Recorded data:
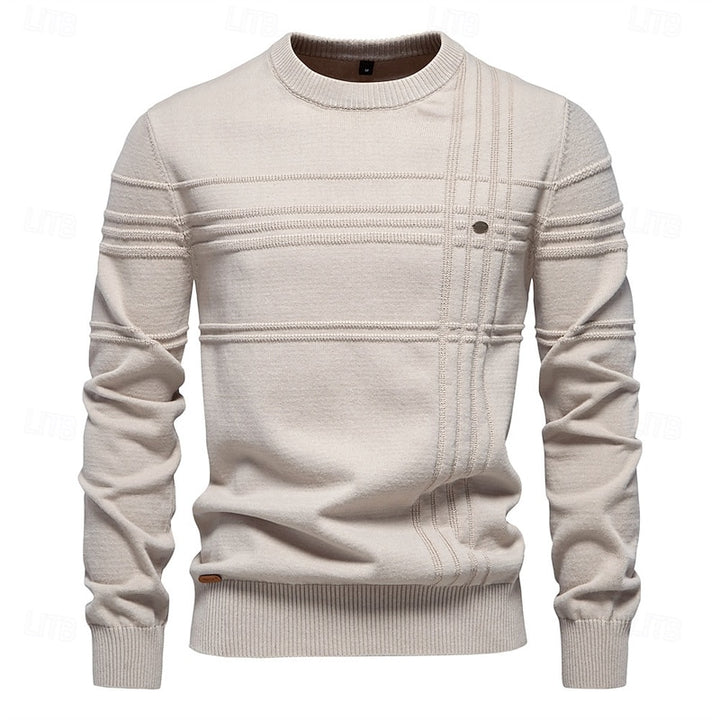 Hartley | Textured Crewneck Sweater
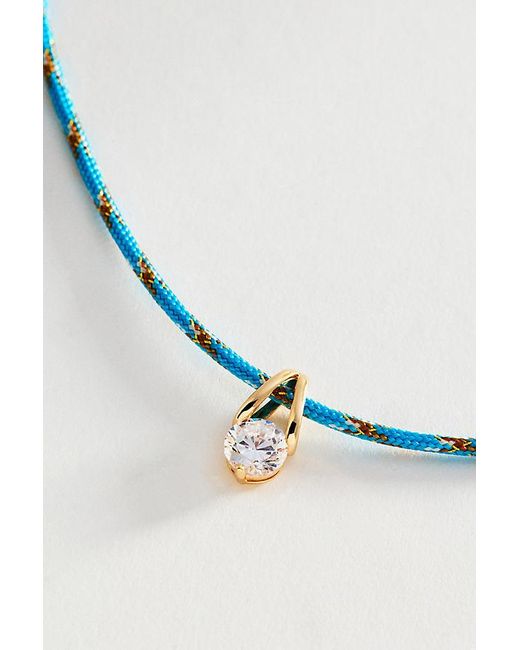 By Anthropologie Metallic Colour Cord Necklace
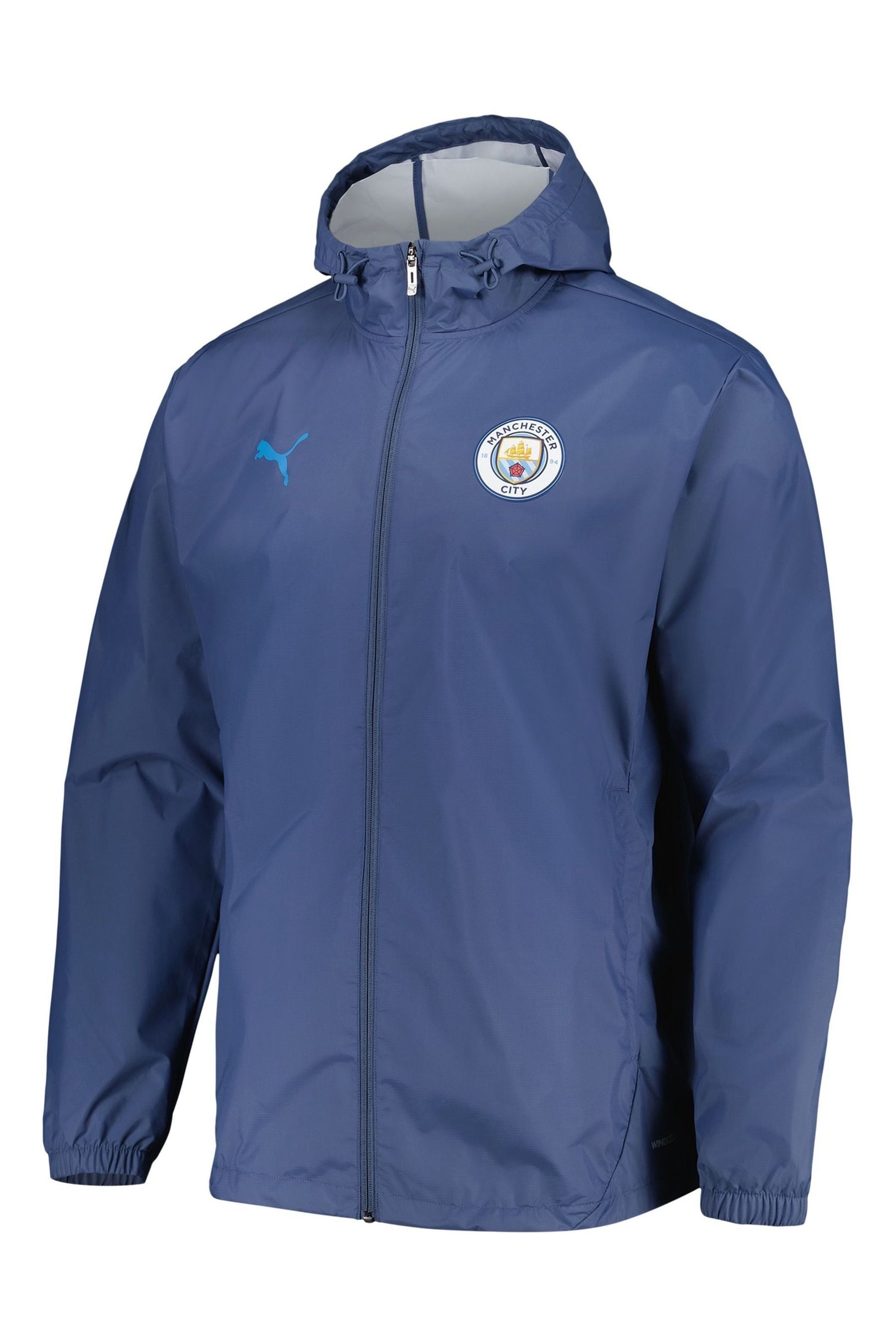 Buy Puma Blue Manchester City Training AW Jacket from Next Malta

What to do: For the data above, return an exact copy that contains no pictures.

Your solution:
 Hartley | Textured Crewneck Sweater
 By Anthropologie Metallic Colour Cord Necklace
 Buy Puma Blue Manchester City Training AW Jacket from Next Malta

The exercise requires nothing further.